• **PROBLEM DETAILS**: No pictures belong in the copy, but every line of the material below must be reproduced exactly.

··· RECORDED DATA ···

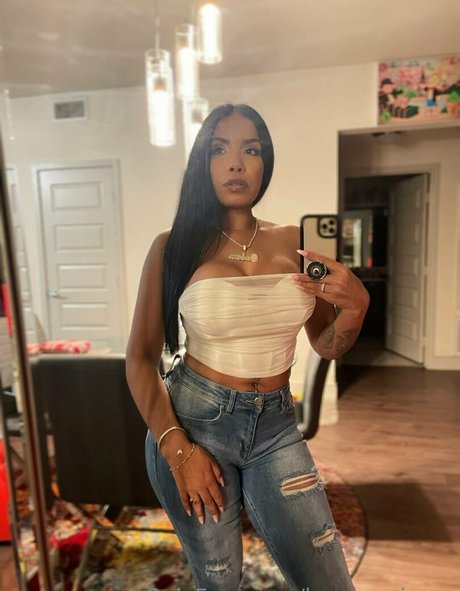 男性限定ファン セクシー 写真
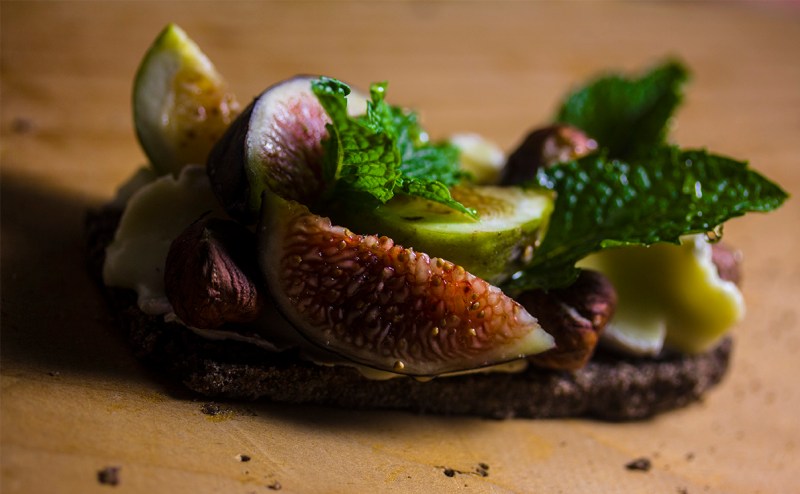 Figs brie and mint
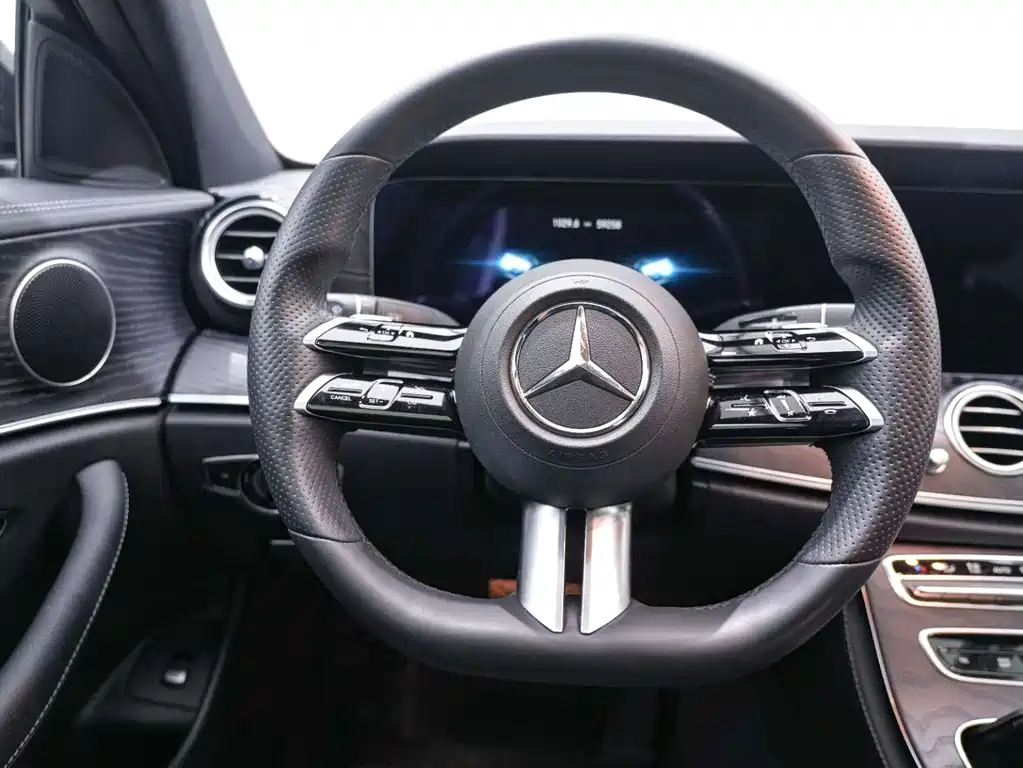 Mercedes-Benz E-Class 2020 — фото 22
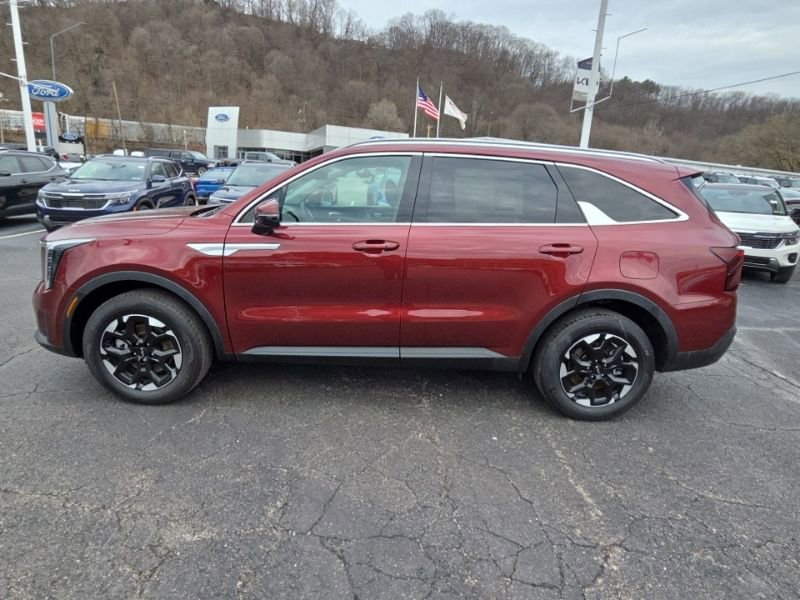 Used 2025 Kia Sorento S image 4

···

• **OUTPUT OF THE TASK**:
 男性限定ファン セクシー 写真
 Figs brie and mint
 Mercedes-Benz E-Class 2020 — фото 22
 Used 2025 Kia Sorento S image 4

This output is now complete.